Bedtime story

A couple of weeks ago, I wrote about the gravel in my new back yard and my plan for getting rid of it. That prompted a diversity of reader responses; perhaps the most unusual was the suggestion that I suck it up with a shop vac — taking care to use a heavy-duty paper filter, since a foam filter “will be beat to death.”

Unfortunately, the gravel in my yard has seen a good bit of vehicular traffic and is thoroughly mashed down into the soil. Not a job for Mr. Shopvac.

Another reader urged me to forgo gravel removal and simply build 18-inch-deep raised beds over the existing surface. After a few afternoons laboring with a pick, hoe and shovel, the prospect of leaving the stones in situ has great appeal. But the chore also gave me time to contemplate my little yard, which slopes from side to side and front to back, feeding a minor gully whence rain runs into my driveway (also eroded due to channelization of the flow). What this spot really needs, for moisture retention and runoff control, is leveling. So I’ve reserved a rental mini-backhoe/grader.

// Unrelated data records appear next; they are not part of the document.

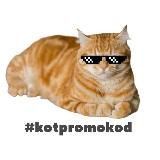 Кот Промокод🚀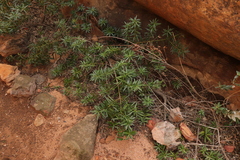 Podocarpus elongatus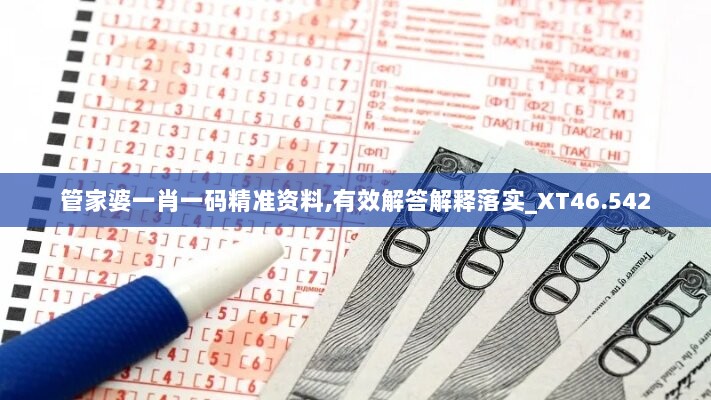 管家婆一肖一码精准资料,有效解答解释落实_XT46.542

After I reshape the terrain and straighten a retaining wall that now leans precariously toward the house, I plan to build raised beds. I’ll also install a French drain to reduce hydraulic pressure on the wall. (Are we supposed to call such systems “freedom drains” these days? I don’t want my garden to run afoul of the USA PATRIOT Act.)

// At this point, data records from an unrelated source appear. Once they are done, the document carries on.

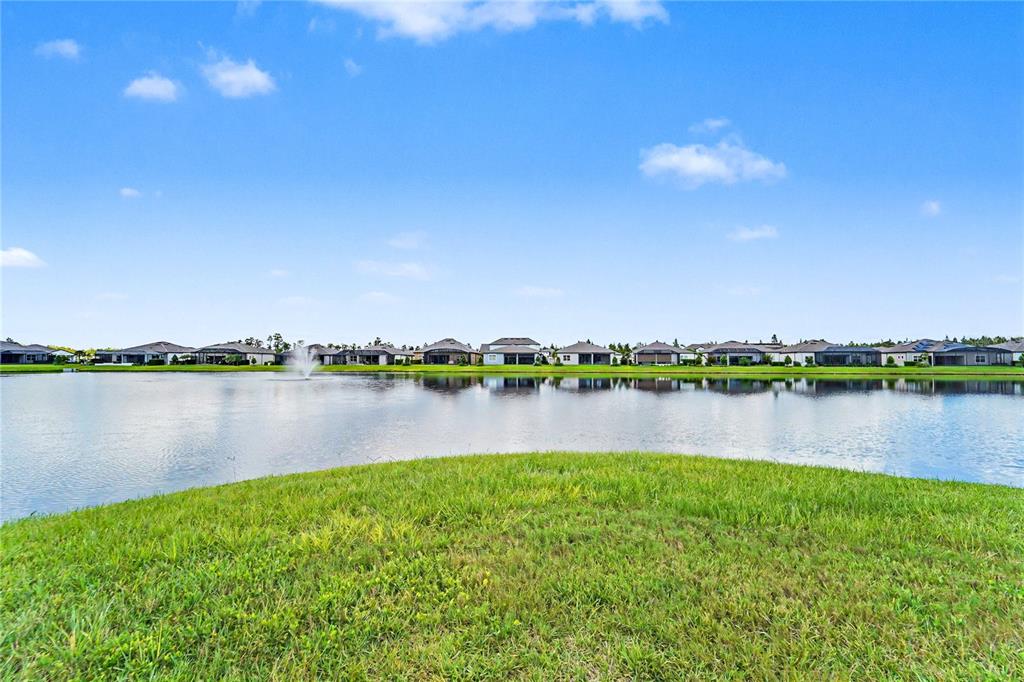 20544 SEA GLASS CIRCLE, LAND O LAKES, FL — photo 3 of 30
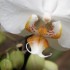 photos de mes Orchidées et insectes !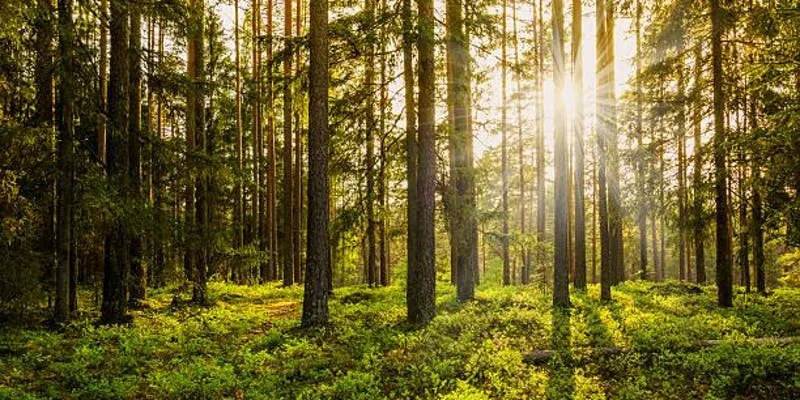 IRISH DOCTORS FOR THE ENVIRONMENT EVENT. SHIRLEY GLEESON PRESENTED “FOREST THERAPY: HOW NATURE IMPROVES BOTH HEALTH AND ENVIRONMENTAL AWARENESS”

I’ve long been a proponent of French intensive (freedom intensive?), or double-dug gardening. The idea is to create raised beds in which the soil is light and fluffy to a depth of 2 feet. With foot traffic limited to pathways between beds, and no use of machinery once the initial construction is done, the soil is never compacted. Each bed is prepared by digging a trench across its width on one end to the depth of a shovel blade and placing the topsoil in a wheelbarrow. Then the soil in the bottom of the trench is turned over another shovel deep. Now the next strip of topsoil is turned over into the first trench, and the process is repeated for the rest of the bed. Finally the wheelbarrow full of soil is used to fill up the final trench. (See why it’s called “intensive”?)

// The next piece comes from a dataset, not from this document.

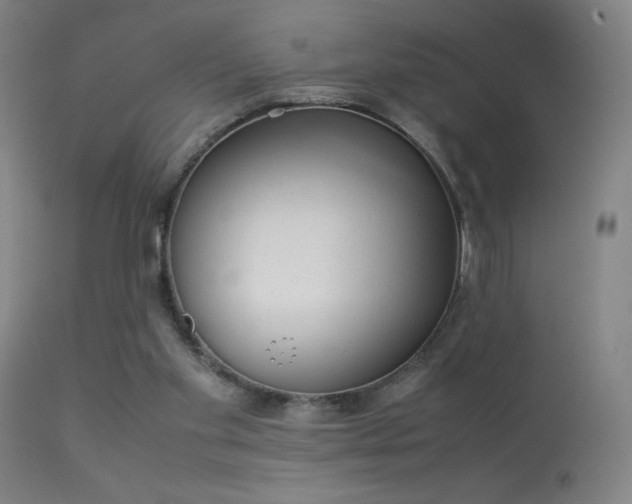 X0000113260109200909171659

This process keeps the richer topsoil on top, where it’s most beneficial to plants, while breaking up the subsoil to facilitate root growth. Beds are typically 5 or 6 feet wide and 12 or more feet long, with paths between the beds wide enough for a wheelbarrow or garden cart. Each bed is a low mound, eliminating the need for wood or stone sidewalls (though you’re free to use them if you like the look enough to justify the extra work).

Over the years, I’ve found that such beds are easy to maintain in a friable state and that compost and other amendments can be focused on the growing area, instead of being wasted on the paths. Another good trick is to lay used wool carpet in the walkways — to suppress weed growth — and cover it with attractive mulch. The wool gradually breaks down and feeds the soil (hair is high in nitrogen).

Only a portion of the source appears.